The head of the U.S. National Nuclear Security Administration (NNSA) was briefly on President Donald Trump’s short list to replace John Bolton as national security adviser, media reported Tuesday.
However, Trump on Wednesday announced via Twitter he had selected Robert O’Brien, the special presidential envoy for hostage affairs at the State Department and a former U.S. representative to the United Nations.
That means Lisa Gordon-Hagerty will remain NNSA administrator, a position she has held for nearly two years.
While the president’s national security adviser does not require Senate confirmation, Gordon-Hagerty was the only person on the list of five candidates to get it during the Trump administration. The Senate in February 2018 unanimously confirmed Gordon-Hagerty, just two months after Trump nominated her to lead the semiautonomous Department of Energy branch that maintains and modernizes U.S. nuclear weapons. That made her’s the second-fastest trip through the Senate of any NNSA administrator since Congress created the agency in 2000.
Bolton left his post Sept. 10 over policy differences with Trump. The president said he asked for Bolton’s resignation, while Bolton said he offered his resignation unsolicited.
Trump on Tuesday shared the short list to reporters travelling with him on Air Force One. Along with Gordon-Hagerty and O’Brien, the other candidates were: Fred Fleitz, a former CIA analyst who served as Trump’s National Security Council chief of staff in 2018; Keith Kellogg, current national security adviser to Vice President Mike Pence; and Rick Waddell, assistant to the chairman of the Joint Chiefs of Staff and a former deputy national security adviser to Trump in 2017-2018.
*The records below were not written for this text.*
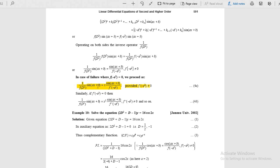Suppose the value becomes zero: 1 by f(d squared) of sin(ax + b) is an important formula. When you replace d squared with minus a squared and the denominator becomes zero, apply the failure formula: 1 by f(d squared) of sin(ax + b) equals minus x by 2a times cos(ax + b). For cos, the case of failure gives plus x by 2a times cos(ax + b). Students, take pen and paper and write that formula.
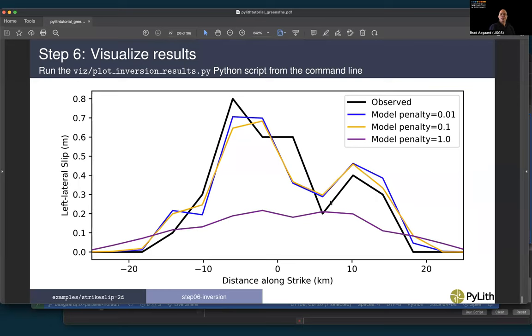That completes the static Green's functions example. If you're interested, play around with the inversion script, the plotting, the slip distribution, and the GPS station distribution. There are a number of exercises listed in the PyLith manual related to this example and tutorial.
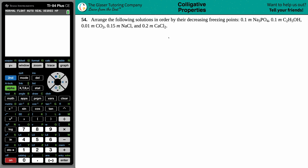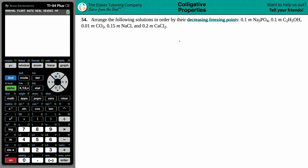Number 54: arrange the following solutions in order by their decreasing freezing points. We have a list of solutes: 0.1 molality Na₃PO₄, 0.1 molality C₂H₅OH, 0.01 molality CO₂, 0.15 molality NaCl, and 0.2 molality CaCl₂. We want them ordered by decreasing freezing points — highest freezing point on the left and lowest on the right.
Like most of the other people on Trump’s short list, Gordon-Hagerty has prior experience on the National Security Council — in years on the job, more than the other candidates. For a combined five years during the Bill Clinton and George W. Bush administrations, Gordon-Hagerty was the National Security Council’s (NSC) director for combating terrorism.
Editor’s note: Sept. 18, 2019, 1:30 p.m. Eastern: the story was corrected to show that the Senate confirmed Gordon-Hagerty in 2018.